• _Dataset records_

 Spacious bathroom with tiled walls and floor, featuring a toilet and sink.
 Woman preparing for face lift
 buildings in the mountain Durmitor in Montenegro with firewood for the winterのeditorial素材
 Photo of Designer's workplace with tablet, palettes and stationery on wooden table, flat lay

* * *

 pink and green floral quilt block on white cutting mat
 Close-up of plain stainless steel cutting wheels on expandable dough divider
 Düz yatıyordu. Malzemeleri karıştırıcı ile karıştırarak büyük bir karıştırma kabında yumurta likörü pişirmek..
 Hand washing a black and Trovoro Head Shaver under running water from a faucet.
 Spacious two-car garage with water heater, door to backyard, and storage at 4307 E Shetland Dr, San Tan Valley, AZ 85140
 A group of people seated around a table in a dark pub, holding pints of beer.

• _Task item_
State the number of lines in these entries where the word "water" occurs, without any other words.

• _Result_
2